Not sure of what it's worth over there, but over here in the UK it could reach a few hundred £'s. Not sure how English ladies cycles are prized in the U.S.  as their design seems a little staid compared to their American contemporaries.
That said, that is a fantastic, very original looking machine and with a lovely 'Bluemels' pump too!
I echo


----------



## dnc1 (Mar 25, 2017)

...... @SirMike1983 and would love to see some more details of that 3 speed hub.


----------



## morton (Mar 27, 2017)

Usually as others have said, step thrus don't bring much.  I recently sold a Hercules rehabbed and with new rubber for $75, but yours is an exception because of the many very desirable "options" and age and worth a lot more than that.

Those "war grade" tires look to be in exceptional condition.


----------



## 1917 Hercules (Apr 2, 2017)

dnc1 said:


> Not sure of what it's worth over there, but over here in the UK it could reach a few hundred £'s. Not sure how English ladies cycles are prized in the U.S.  as their design seems a little staid compared to their American contemporaries.
> That said, that is a fantastic, very original looking machine and with a lovely 'Bluemels' pump too!
> I echo



Thanks dnc1 I'll try to take a few more pictures of the rear hub area at diferent angles. Maybe after I retire I'll ride more. Have a Bottecchia Deluxe I bought new back in like 1973 or 4 sitting in the basement but tires are all dry rotted. One of these days I'll get to that. 
Take care and if you hear anyone looking for the Hercules let me know if you would.
Tom


----------



## 1917 Hercules (Apr 2, 2017)

morton said:


> Usually as others have said, step thrus don't bring much.  I recently sold a Hercules rehabbed and with new rubber for $75, but yours is an exception because of the many very desirable "options" and age and worth a lot more than that.
> 
> Those "war grade" tires look to be in exceptional condition.



Yes I think I could ride the bike if the tubes inside were good. Things to do -- always something.   Tom


----------



## 1917 Hercules (Apr 2, 2017)

SirMike1983 said:


> Looks to me like a Hercules from right around WWII. The "1917" is a serial number and not the date. Does the rear hub shell say anything besides "Hercules"? Nice bike in very good condition there. Does it have 26 or 28 inch wheels?

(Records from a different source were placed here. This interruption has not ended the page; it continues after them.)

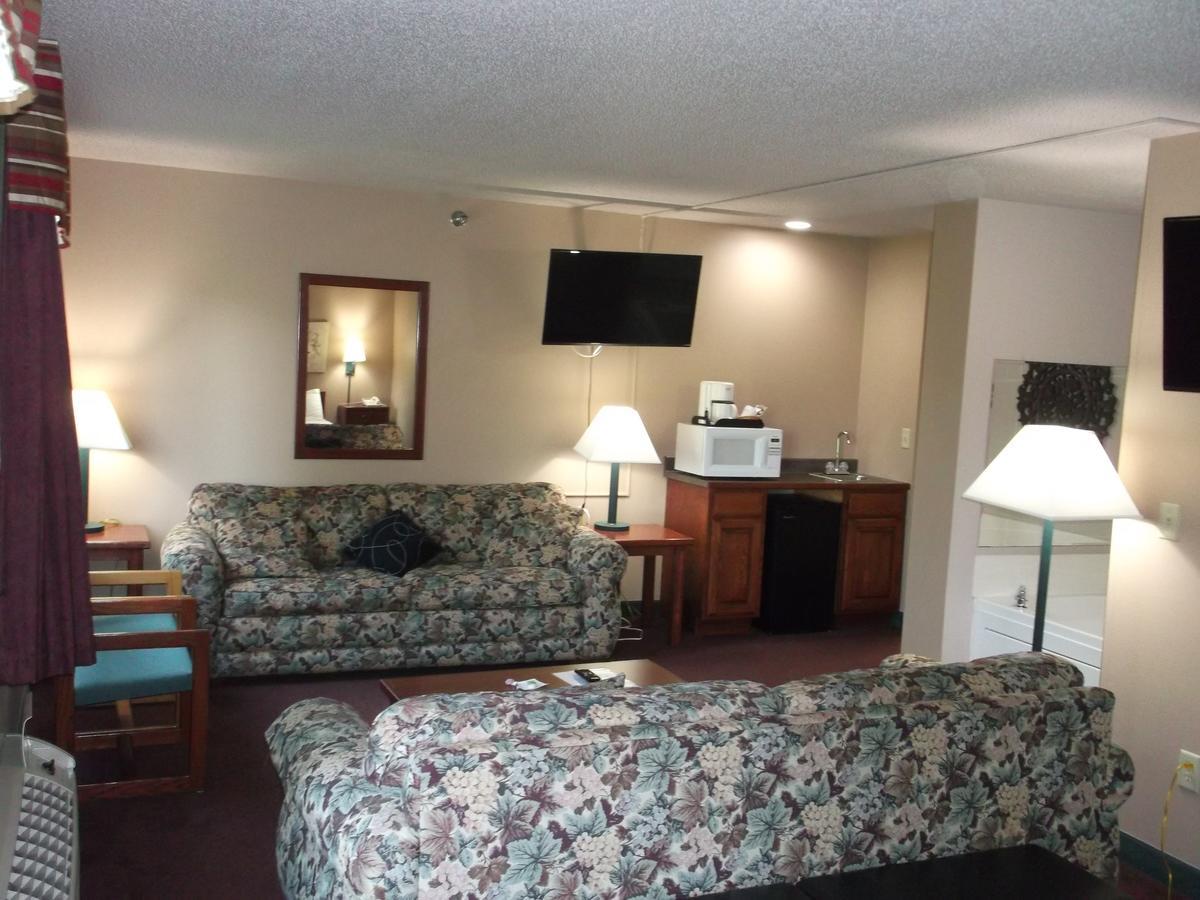 De Smet Super Deluxe Inn & Suites 외부 사진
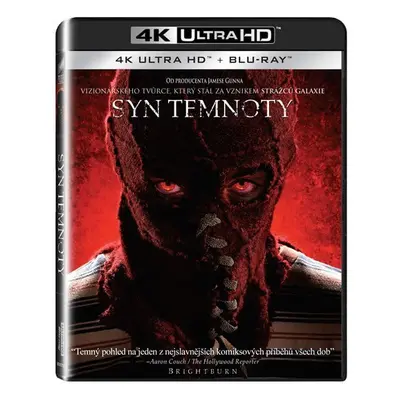 Syn temnoty 4K Ultra HD + Blu-ray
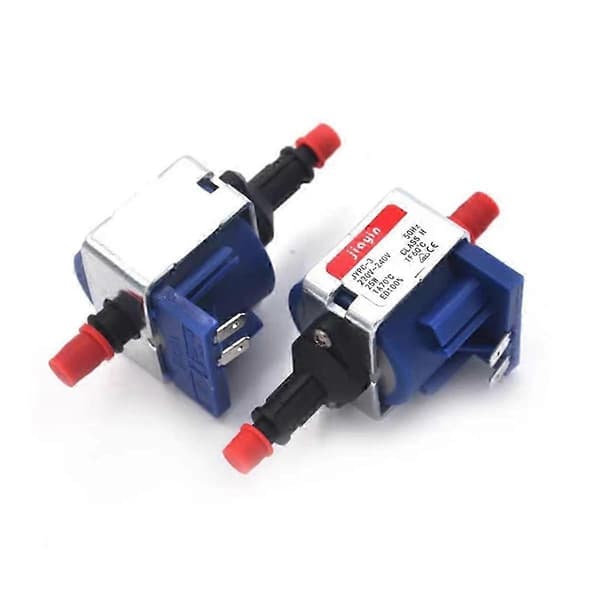 [LCS]JYPC-3 Elektromagnetisk vattenpump 25W 220V, Högtrycks solenoidpump för ångkokare, Automatisk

I'll have to go downstairs and see what size the tires are one of these days. I'll let you know when I do.
Take Care & Ride Safe,
Tom


----------



## 1917 Hercules (Apr 2, 2017)

redline1968 said:


> Thanks a very nice bike. Hercules was bought out by Raleigh. ladies bike are less value than men's. Not sure on value Some me here would know.



Thanks redline 1968. My aunt had it during and after WWII. She was a secratary to Ambassador Dunn in five different countries. France, Spain, Italy, England and one more I can't remember right know. 13th child of one of our farming relation that was just taken in after the father had taken off and the mother passed on. QUIT A LIFE.


----------



## redline1968 (Apr 2, 2017)

Great history nice to see it in the family as it should be


----------



## dnc1 (Apr 3, 2017)

1917 Hercules said:


> Thanks dnc1 I'll try to take a few more pictures of the rear hub area at diferent angles. Maybe after I retire I'll ride more. Have a Bottecchia Deluxe I bought new back in like 1973 or 4 sitting in the basement but tires are all dry rotted. One of these days I'll get to that.
> Take care and if you hear anyone looking for the Hercules let me know if you would.
> Tom



You're welcome Tom, would still love to see more detailed pics.


----------